If anything is clear, it’s that the cloud computing market, already full of effective solutions, will continue to grow this year as more competitors expand their offerings to claim a piece of the pie. Multi-cloud will continue to grow in popularity as companies seek flexibility and optionality, either through a mix of vendors or a mix of public and private cloud, with security as a core concern. At the same time, companies relying on SaaS for collaboration will increasingly look to consolidated platforms for a central hub of information.
Here is what companies will want to consider when it comes to the cloud and collaboration in 2021:
Multi-Cloud Security is a Two-Way Street
Security remains a top barrier to cloud migration, as organizations that handle especially sensitive data cannot risk having their data exposed in a public cloud environment that may not meet their security standards. For those that have successfully made the jump to the cloud and are considering multi-cloud, there are a few things to keep in mind to ensure maximum security.
First, cloud customers must remember that security is a shared responsibility between both the cloud service provider (CSP) and themselves. While any given CSP is responsible for the overall security of their infrastructure, a cloud customer would be, for example, responsible for choosing and deploying a web application firewall (WAF). This is to protect a given application and environment, along with any other security tools, such as a Security Information and Event Management (SIEM) solution.
With this shared responsibility in mind, cloud customers must ensure that their third-party applications are secure and transparent. For instance, when choosing third party collaboration tools and platforms brought into the customer environment, these applications must have a secure underlying architecture. Customers that bring in a third-party productivity application shouldn’t have to worry if that application might be a pathway to a data breach.
When it comes to deployment, users should always know they are using a highly secure product from both an application and architectural perspective, with proper due diligence performed continually.
This means that employees won’t be held captive to the whims of a large corporation or have to worry about their data from any single app compromised by breaches or government investigations beyond their control.
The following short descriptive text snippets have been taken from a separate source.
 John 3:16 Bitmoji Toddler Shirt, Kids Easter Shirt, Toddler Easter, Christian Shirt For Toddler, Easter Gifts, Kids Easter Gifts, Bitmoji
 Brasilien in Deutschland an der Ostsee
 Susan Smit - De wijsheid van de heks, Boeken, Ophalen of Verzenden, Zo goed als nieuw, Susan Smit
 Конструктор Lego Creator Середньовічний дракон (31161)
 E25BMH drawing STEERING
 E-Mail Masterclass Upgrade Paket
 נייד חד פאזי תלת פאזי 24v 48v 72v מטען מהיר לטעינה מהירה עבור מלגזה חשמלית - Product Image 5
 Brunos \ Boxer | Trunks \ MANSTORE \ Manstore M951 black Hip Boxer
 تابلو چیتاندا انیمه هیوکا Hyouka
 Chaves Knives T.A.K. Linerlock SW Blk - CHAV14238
Instead, companies should be able to own their data and know it’s secure – and that starts with democratizing virtual collaboration and emphasizing multi-cloud optionality.
The Consolidated Platform will Rule the Next Phase of Business Collaboration
As distributed teams suddenly needed tools and platforms that helped them collaborate from their homes, the virtual collaboration software market heated up in 2020. Traditional players like Google and Microsoft upgraded their tools and upstarts like Zoom became a household name virtually overnight.
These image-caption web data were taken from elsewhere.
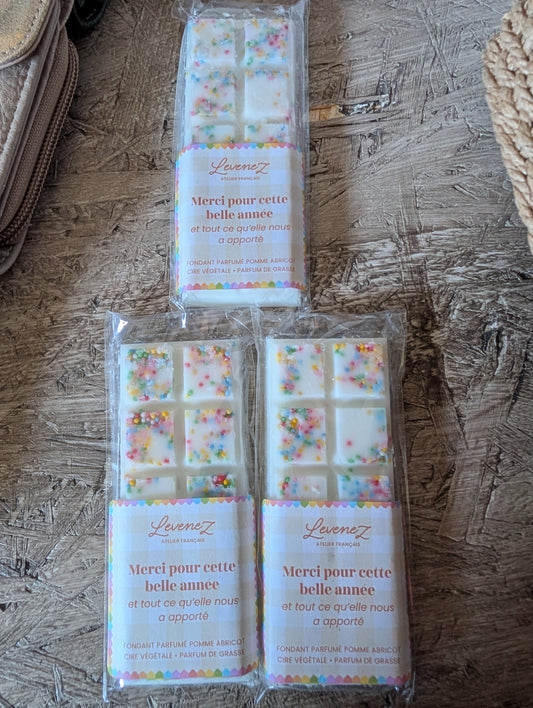 Tablette fondant, merci pour cette belle année
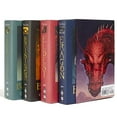 Knopf Books for Young Readers, Cycle 4 Hard Cover Boxed Set (Eragon, Eldest, Brisingr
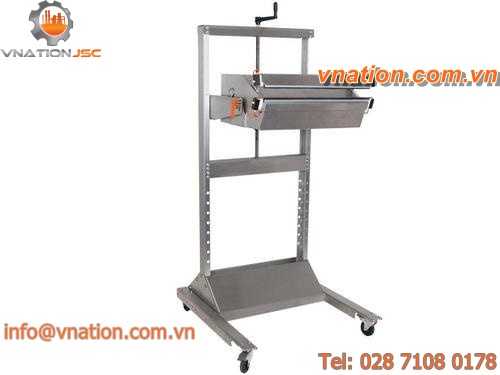manual impulse sealer / vertical / horizontal / table-top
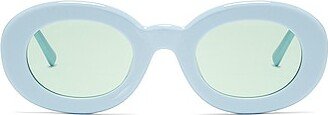 Les Lunettes Pralu in Blue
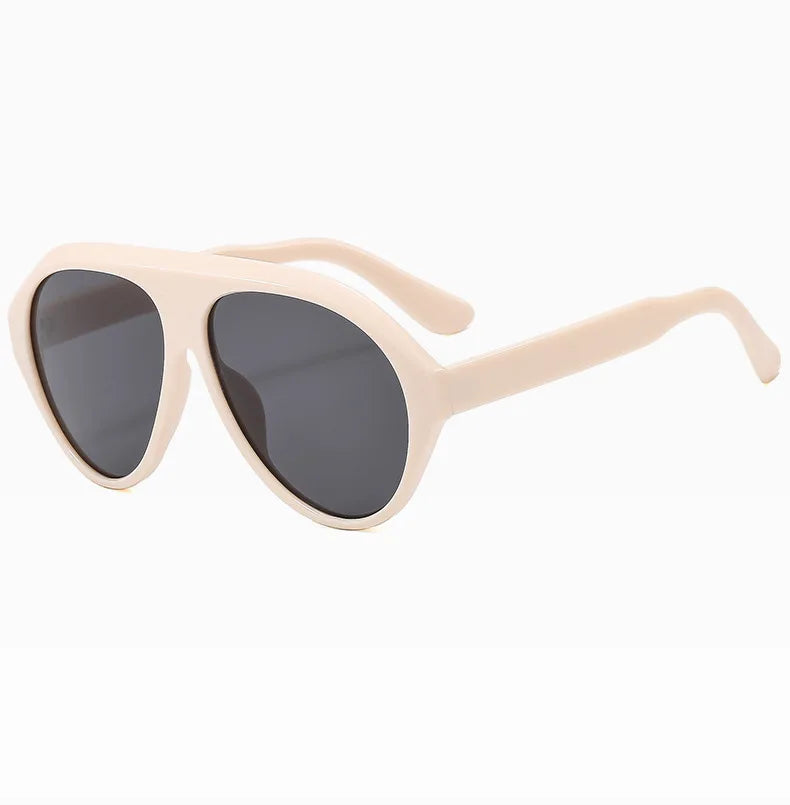 Lunettes de Soleil Aviateur Oversize Unisexe — Samara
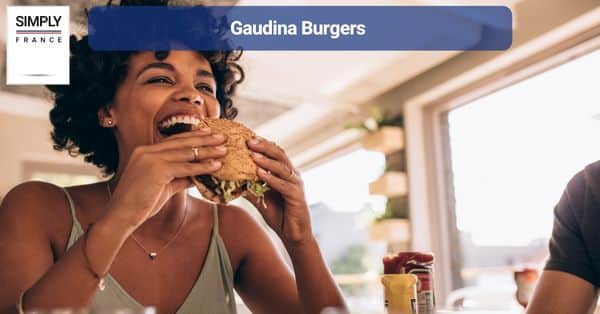 8. Gaudina Burgers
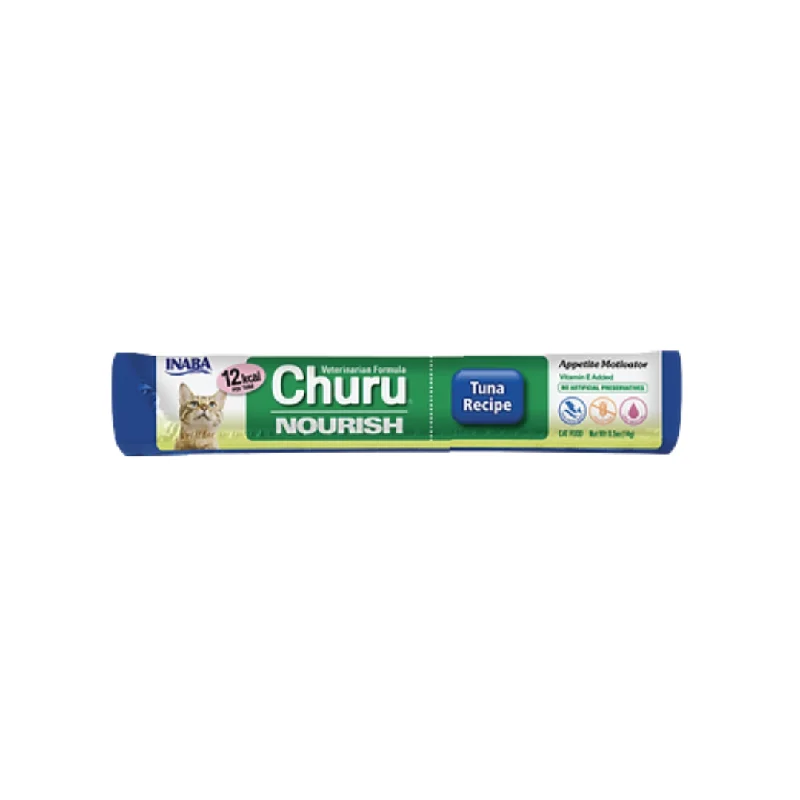 - Organic cotton dog bibsChuru Nourish Tuna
Most recently, Salesforce’s acquisition of Slack was further proof that the future of work will be the consolidated platform and central hub of information – not the isolated tool.
The SaaS market for workforce collaboration is big business. It provides employees with the flexibility and autonomy needed for the future of work while meeting them wherever they are in their cloud journey, whether on-prem, private, or public cloud.
And with a recent Slack study revealing that almost three-quarters of workers want a flexible work-from-home model for the long-term, it’s clear that companies must continue perfecting their communication technology, with collaboration at the forefront.
Rather than worry about vendor lock-in from one large corporation, players with open ecosystems that let users choose their favorite collaboration solutions in the cloud environment of their choice will increase in popularity. That’s because employees rely on several tools to meet their daily needs.
And with 71% of workers desiring a centralized place to view and manage their work, it’s clear that having these solutions in one platform, rather than tool sprawl, is especially important.
It’s also important that these centralized virtual work platforms are optimized for multi-cloud to meet the demands of a growing hybrid workforce. Hybrid work enables employees to work in their environment of choice, creating a more flexible and dynamic work environment.
But it can all fall apart if collaboration tools aren’t able to perform in a multi-cloud environment. For example, tools that can only be deployed on-prem or private cloud can only be used by those at a centralized office location, cutting off the employees working from home.
Hybrid workforces depend on the cloud, meaning virtual collaboration platforms need to be easily deployable and accessible no matter what cloud environment the company relies on.
In 2021, all eyes will be on virtual collaboration. What technology will best help teams stay productive, regardless of their physical location? Is this the beginning of a consolidation of tools to make a complete end to end platform? The answer may not come solely from the major players of today.
Instead, the future of work will be increasingly shaped by secure collaboration platforms versus individual tools, open ecosystems versus closed systems, and multi-cloud flexibility versus vendor lock-in.